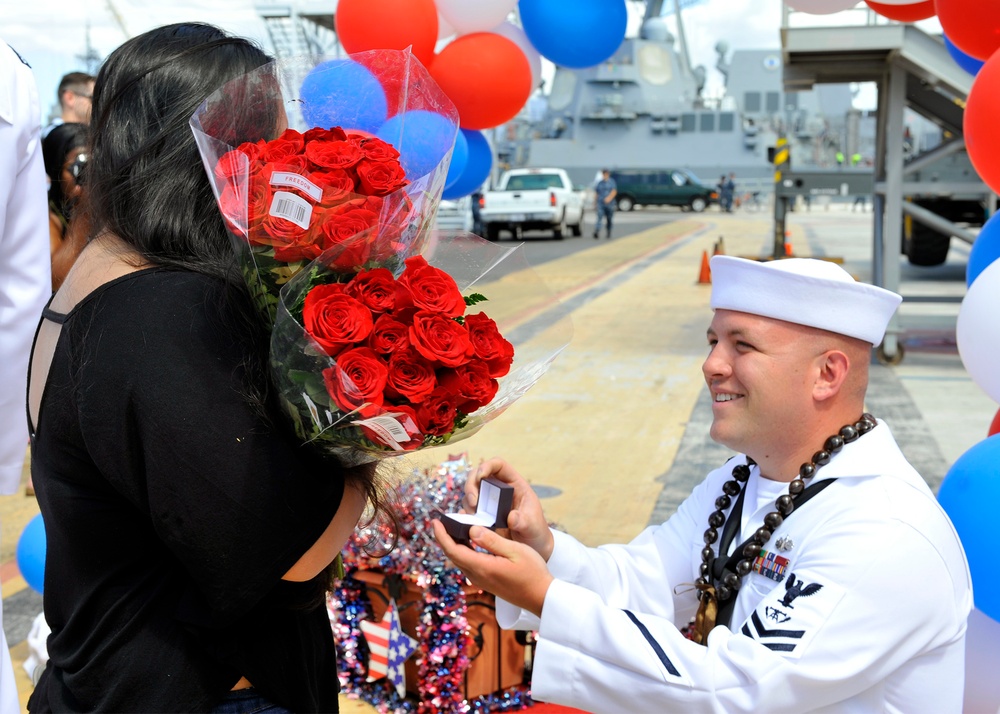 USS Michael Murphy returns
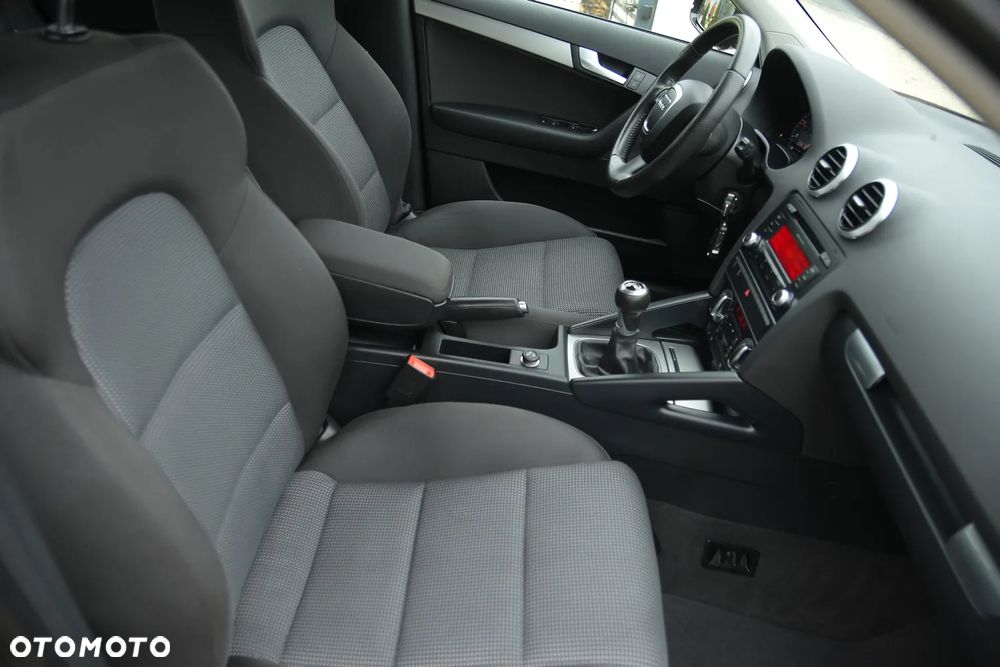Audi A3 1.6 TDI ultra Attraction - 16
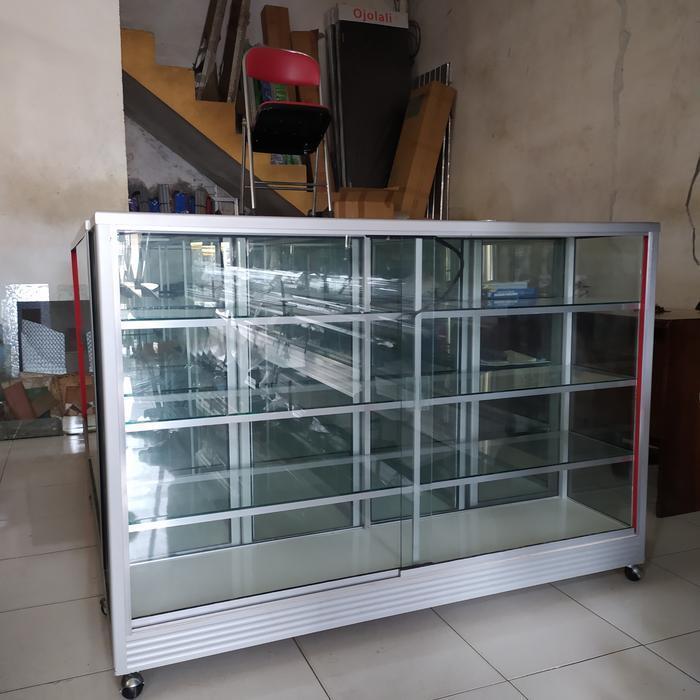 etalase kaca ukuran 150 cm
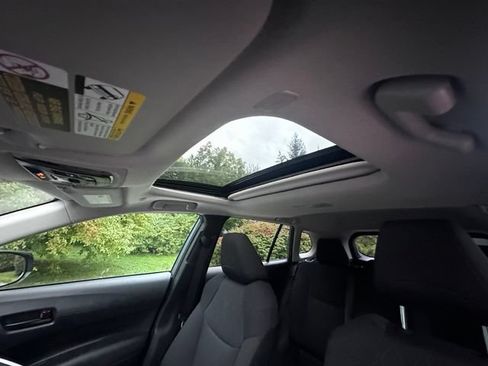 Used 2025 Toyota Corolla Cross LE w/ Moonroof Package AWD/4WD image 13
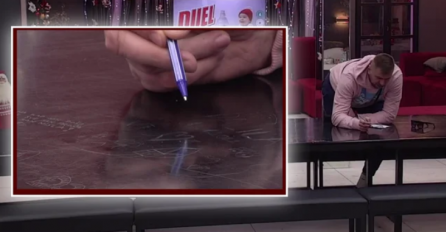 DEJAN ILI CAR? Janjuš otkrio detalje Dalilinog crteža sa crnog stola, iznenadio se kad je šta je napisala (FOTO)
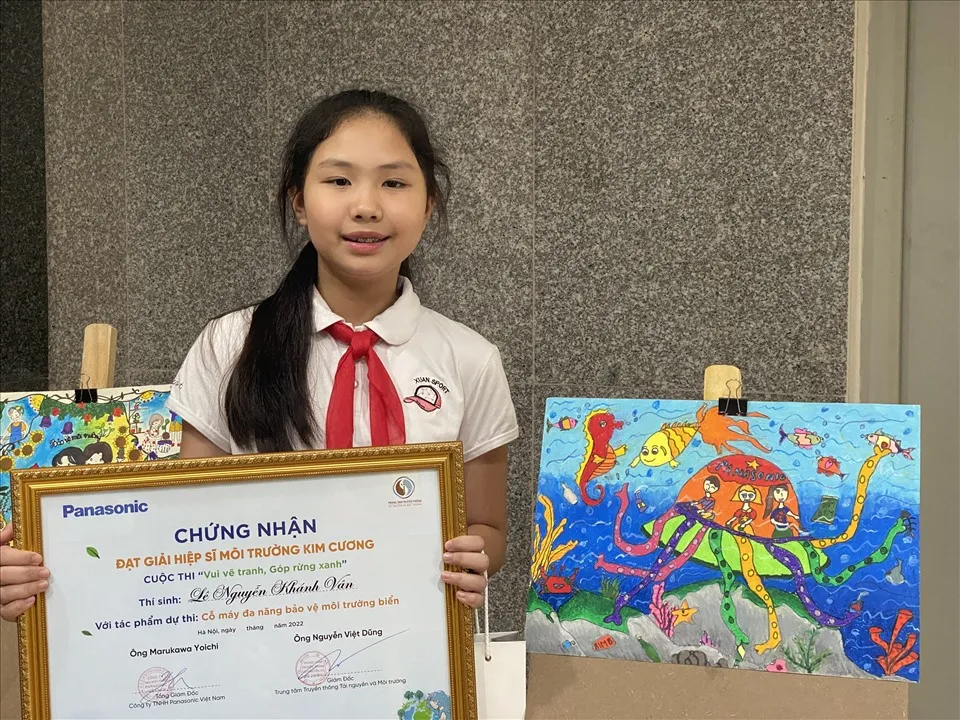 Các bạn nhỏ cùng nhau tham gia hoạt động trồng cây xanh bảo vệ môi trường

-----

## WORK INSTRUCTIONS
In full and without changes, repeat the listing above, but not its pictures.

## ANSWER FOR THIS EXERCISE
 USS Michael Murphy returns
Audi A3 1.6 TDI ultra Attraction - 16
 etalase kaca ukuran 150 cm
 Used 2025 Toyota Corolla Cross LE w/ Moonroof Package AWD/4WD image 13
 DEJAN ILI CAR? Janjuš otkrio detalje Dalilinog crteža sa crnog stola, iznenadio se kad je šta je napisala (FOTO)
 Các bạn nhỏ cùng nhau tham gia hoạt động trồng cây xanh bảo vệ môi trường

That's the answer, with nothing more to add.